==== AVAILABLE RECORDS

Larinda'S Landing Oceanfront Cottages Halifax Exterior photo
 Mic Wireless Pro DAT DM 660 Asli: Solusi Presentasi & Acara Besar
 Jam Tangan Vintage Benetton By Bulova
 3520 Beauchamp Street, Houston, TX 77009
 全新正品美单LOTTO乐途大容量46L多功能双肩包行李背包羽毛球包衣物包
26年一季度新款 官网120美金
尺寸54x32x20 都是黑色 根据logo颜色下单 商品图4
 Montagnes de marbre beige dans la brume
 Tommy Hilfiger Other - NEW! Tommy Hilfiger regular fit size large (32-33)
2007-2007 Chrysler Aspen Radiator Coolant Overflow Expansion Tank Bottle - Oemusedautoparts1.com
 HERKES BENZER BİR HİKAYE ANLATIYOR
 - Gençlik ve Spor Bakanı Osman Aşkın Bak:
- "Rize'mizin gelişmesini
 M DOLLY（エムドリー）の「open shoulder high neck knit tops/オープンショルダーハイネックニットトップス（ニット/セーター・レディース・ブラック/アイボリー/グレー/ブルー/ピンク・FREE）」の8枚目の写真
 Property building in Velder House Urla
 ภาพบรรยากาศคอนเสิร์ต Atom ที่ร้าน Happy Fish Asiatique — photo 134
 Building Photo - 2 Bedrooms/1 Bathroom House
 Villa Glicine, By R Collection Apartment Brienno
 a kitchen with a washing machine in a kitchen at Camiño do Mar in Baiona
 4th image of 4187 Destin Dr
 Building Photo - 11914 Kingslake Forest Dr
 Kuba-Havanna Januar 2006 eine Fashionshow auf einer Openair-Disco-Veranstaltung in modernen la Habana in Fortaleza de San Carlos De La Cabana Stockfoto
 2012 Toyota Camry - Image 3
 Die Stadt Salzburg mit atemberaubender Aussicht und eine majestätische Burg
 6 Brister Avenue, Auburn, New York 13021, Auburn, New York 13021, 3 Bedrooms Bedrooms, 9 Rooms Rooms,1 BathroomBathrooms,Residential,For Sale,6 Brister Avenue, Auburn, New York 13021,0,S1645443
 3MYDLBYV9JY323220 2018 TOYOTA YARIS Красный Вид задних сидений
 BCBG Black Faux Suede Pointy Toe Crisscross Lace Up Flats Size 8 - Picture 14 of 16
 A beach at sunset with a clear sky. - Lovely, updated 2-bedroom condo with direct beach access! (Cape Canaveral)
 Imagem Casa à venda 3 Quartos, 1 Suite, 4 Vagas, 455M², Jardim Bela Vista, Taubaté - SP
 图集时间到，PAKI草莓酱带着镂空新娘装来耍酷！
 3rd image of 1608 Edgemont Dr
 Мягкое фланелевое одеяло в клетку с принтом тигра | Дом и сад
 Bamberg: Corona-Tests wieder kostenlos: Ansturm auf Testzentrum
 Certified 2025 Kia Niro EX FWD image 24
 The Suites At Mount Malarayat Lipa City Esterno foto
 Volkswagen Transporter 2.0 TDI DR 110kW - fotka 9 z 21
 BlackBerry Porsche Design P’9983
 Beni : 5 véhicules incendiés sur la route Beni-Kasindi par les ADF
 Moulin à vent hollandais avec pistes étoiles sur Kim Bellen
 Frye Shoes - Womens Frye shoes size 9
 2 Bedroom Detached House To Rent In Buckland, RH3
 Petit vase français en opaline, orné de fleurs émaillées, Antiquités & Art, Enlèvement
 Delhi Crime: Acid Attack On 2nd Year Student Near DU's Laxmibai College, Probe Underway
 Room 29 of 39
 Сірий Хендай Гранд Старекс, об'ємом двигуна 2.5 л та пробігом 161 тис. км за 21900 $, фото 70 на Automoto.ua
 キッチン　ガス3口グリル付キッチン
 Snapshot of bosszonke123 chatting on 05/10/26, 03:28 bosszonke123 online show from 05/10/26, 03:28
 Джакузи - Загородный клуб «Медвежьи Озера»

========

Transcribe, in full, each record that appears above.

Larinda'S Landing Oceanfront Cottages Halifax Exterior photo
 Mic Wireless Pro DAT DM 660 Asli: Solusi Presentasi & Acara Besar
 Jam Tangan Vintage Benetton By Bulova
 3520 Beauchamp Street, Houston, TX 77009
 全新正品美单LOTTO乐途大容量46L多功能双肩包行李背包羽毛球包衣物包
26年一季度新款 官网120美金
尺寸54x32x20 都是黑色 根据logo颜色下单 商品图4
 Montagnes de marbre beige dans la brume
 Tommy Hilfiger Other - NEW! Tommy Hilfiger regular fit size large (32-33)
2007-2007 Chrysler Aspen Radiator Coolant Overflow Expansion Tank Bottle - Oemusedautoparts1.com
 HERKES BENZER BİR HİKAYE ANLATIYOR
 - Gençlik ve Spor Bakanı Osman Aşkın Bak:
- "Rize'mizin gelişmesini
 M DOLLY（エムドリー）の「open shoulder high neck knit tops/オープンショルダーハイネックニットトップス（ニット/セーター・レディース・ブラック/アイボリー/グレー/ブルー/ピンク・FREE）」の8枚目の写真
 Property building in Velder House Urla
 ภาพบรรยากาศคอนเสิร์ต Atom ที่ร้าน Happy Fish Asiatique — photo 134
 Building Photo - 2 Bedrooms/1 Bathroom House
 Villa Glicine, By R Collection Apartment Brienno
 a kitchen with a washing machine in a kitchen at Camiño do Mar in Baiona
 4th image of 4187 Destin Dr
 Building Photo - 11914 Kingslake Forest Dr
 Kuba-Havanna Januar 2006 eine Fashionshow auf einer Openair-Disco-Veranstaltung in modernen la Habana in Fortaleza de San Carlos De La Cabana Stockfoto
 2012 Toyota Camry - Image 3
 Die Stadt Salzburg mit atemberaubender Aussicht und eine majestätische Burg
 6 Brister Avenue, Auburn, New York 13021, Auburn, New York 13021, 3 Bedrooms Bedrooms, 9 Rooms Rooms,1 BathroomBathrooms,Residential,For Sale,6 Brister Avenue, Auburn, New York 13021,0,S1645443
 3MYDLBYV9JY323220 2018 TOYOTA YARIS Красный Вид задних сидений
 BCBG Black Faux Suede Pointy Toe Crisscross Lace Up Flats Size 8 - Picture 14 of 16
 A beach at sunset with a clear sky. - Lovely, updated 2-bedroom condo with direct beach access! (Cape Canaveral)
 Imagem Casa à venda 3 Quartos, 1 Suite, 4 Vagas, 455M², Jardim Bela Vista, Taubaté - SP
 图集时间到，PAKI草莓酱带着镂空新娘装来耍酷！
 3rd image of 1608 Edgemont Dr
 Мягкое фланелевое одеяло в клетку с принтом тигра | Дом и сад
 Bamberg: Corona-Tests wieder kostenlos: Ansturm auf Testzentrum
 Certified 2025 Kia Niro EX FWD image 24
 The Suites At Mount Malarayat Lipa City Esterno foto
 Volkswagen Transporter 2.0 TDI DR 110kW - fotka 9 z 21
 BlackBerry Porsche Design P’9983
 Beni : 5 véhicules incendiés sur la route Beni-Kasindi par les ADF
 Moulin à vent hollandais avec pistes étoiles sur Kim Bellen
 Frye Shoes - Womens Frye shoes size 9
 2 Bedroom Detached House To Rent In Buckland, RH3
 Petit vase français en opaline, orné de fleurs émaillées, Antiquités & Art, Enlèvement
 Delhi Crime: Acid Attack On 2nd Year Student Near DU's Laxmibai College, Probe Underway
 Room 29 of 39
 Сірий Хендай Гранд Старекс, об'ємом двигуна 2.5 л та пробігом 161 тис. км за 21900 $, фото 70 на Automoto.ua
 キッチン　ガス3口グリル付キッチン
 Snapshot of bosszonke123 chatting on 05/10/26, 03:28 bosszonke123 online show from 05/10/26, 03:28
 Джакузи - Загородный клуб «Медвежьи Озера»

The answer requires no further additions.